The bylaws are a description of the rights and responsibilities of the Association. An Association is made up of board members often referred to as a ‘Board”. They are a group of homeowners elected by the membership at large during period elections. The bylaws specify the procedures for Board member elections and the length of time for which a Board member may serve.
In addition to information regarding the Board, the bylaws also contain the rules and regulations to be enforced in regard to creating an annual budget and determining assessment collections. It’s important as a homeowner to be familiar with your HOA bylaws and how the Association functions. You may be surprised to learn that the Association can hold meetings or remove a member of the Board without notifying the homeowners – per your community’s specific rules and regulations.
CC&R’s (Declaration of Covenants, Conditions and Restrictions):
The CC&R’s represent the bulk of what is considered to be the governing documents of an HOA. They are the most comprehensive and contain the most information regarding the community development and overall operations. If there is ever a discrepancy between any other governing document and the CC&R’s, the CC&R’s take precedence and whatever the conflicting provisions are become invalid.

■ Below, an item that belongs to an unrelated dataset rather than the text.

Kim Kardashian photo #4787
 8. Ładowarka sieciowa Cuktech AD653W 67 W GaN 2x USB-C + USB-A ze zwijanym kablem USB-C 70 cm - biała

The Declaration of Covenants, Conditions and Restrictions is a lengthy document that addresses the overall structure of the development, specifics as to what land is subject to operation within the guidelines of the governing documents and what parts of the community are considered to be common areas owned by the HOA.
The CC&R’s also specify the Homeowners Association’s right to enforce and define the roles and responsibilities of each member. All owners must comply with the rules, restrictions, limitations, conditions and terms found within the CC&R’s. As an owner or potential member of an Association, reviewing the CC&R’s will provide insight into your rights and responsibilities. For example, you may learn that your CC&R’s contain restrictions on having visible satellite antennas or that your lawn must be mowed once per week.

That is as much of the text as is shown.